WORK TO BE COMPLETED:
All of the entries are to be repeated exactly, with no pictures included.

STUDY MATERIAL:
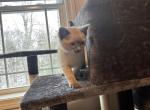 Lilac Siamese - Siamese Cat For Sale - Attleboro, MA, US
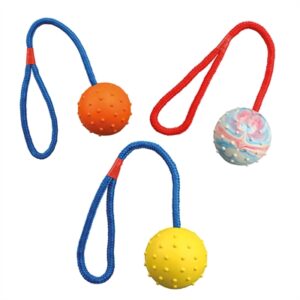 Trixie Natuurrubber Bal Aan Koord 30x6x6 CM 3 ST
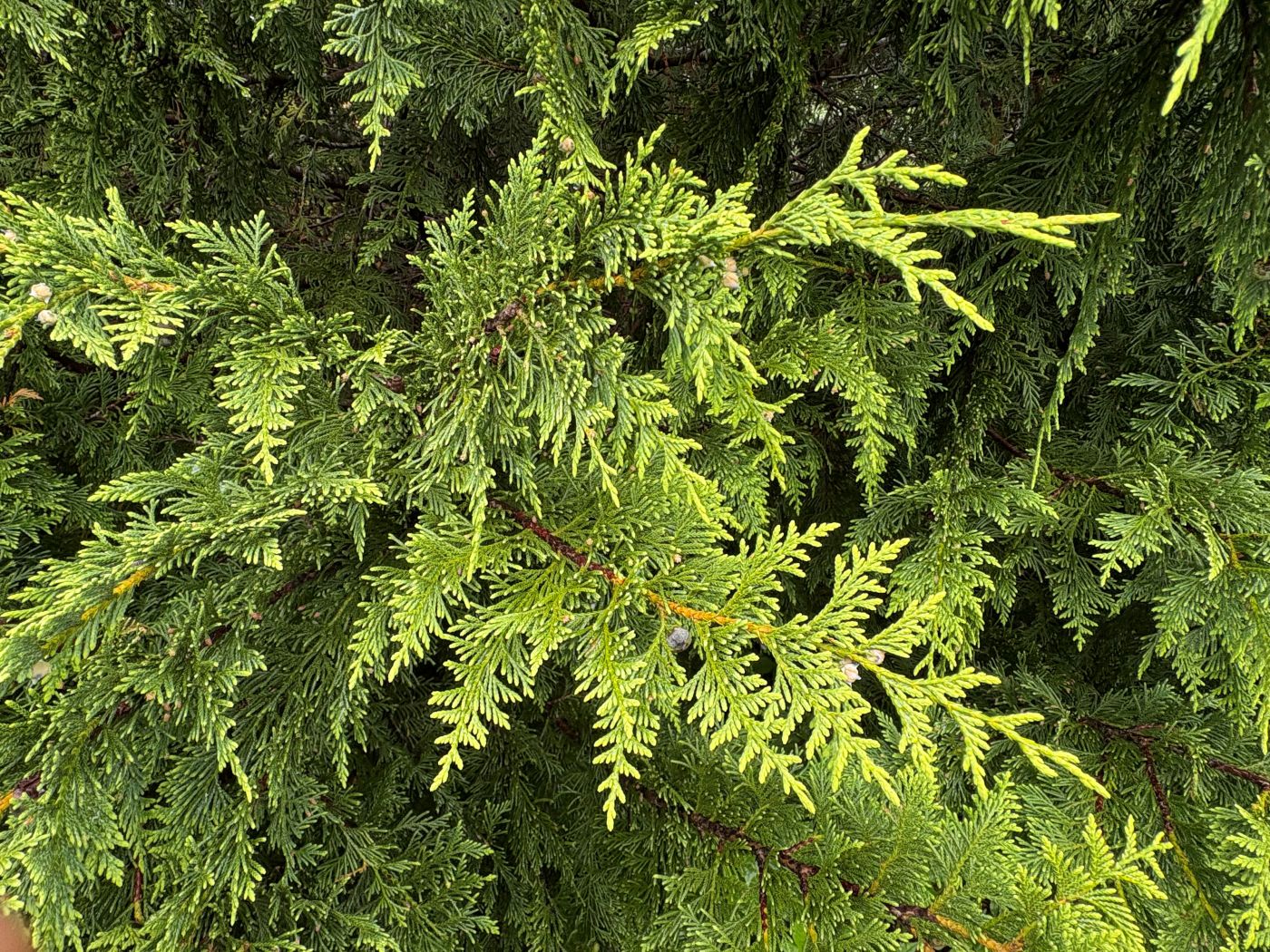 Chamaecyparis nootkatensis 'Aurea'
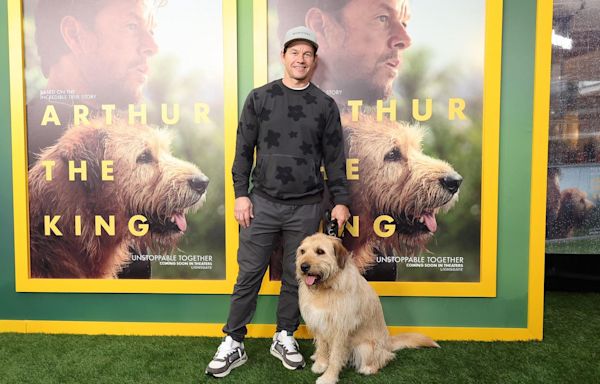 Is ‘Arthur The King’ Streaming? Here Are Ways To Watch Mark Wahlberg’s Dog Movie Online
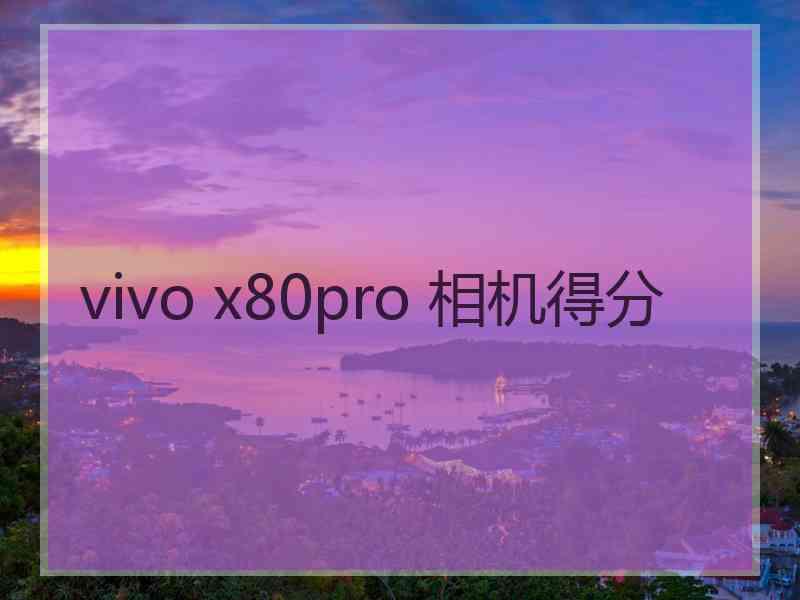 vivo x80pro 相机得分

TASK OUTPUT:
 Lilac Siamese - Siamese Cat For Sale - Attleboro, MA, US
 Trixie Natuurrubber Bal Aan Koord 30x6x6 CM 3 ST
 Chamaecyparis nootkatensis 'Aurea'
 Is ‘Arthur The King’ Streaming? Here Are Ways To Watch Mark Wahlberg’s Dog Movie Online
 vivo x80pro 相机得分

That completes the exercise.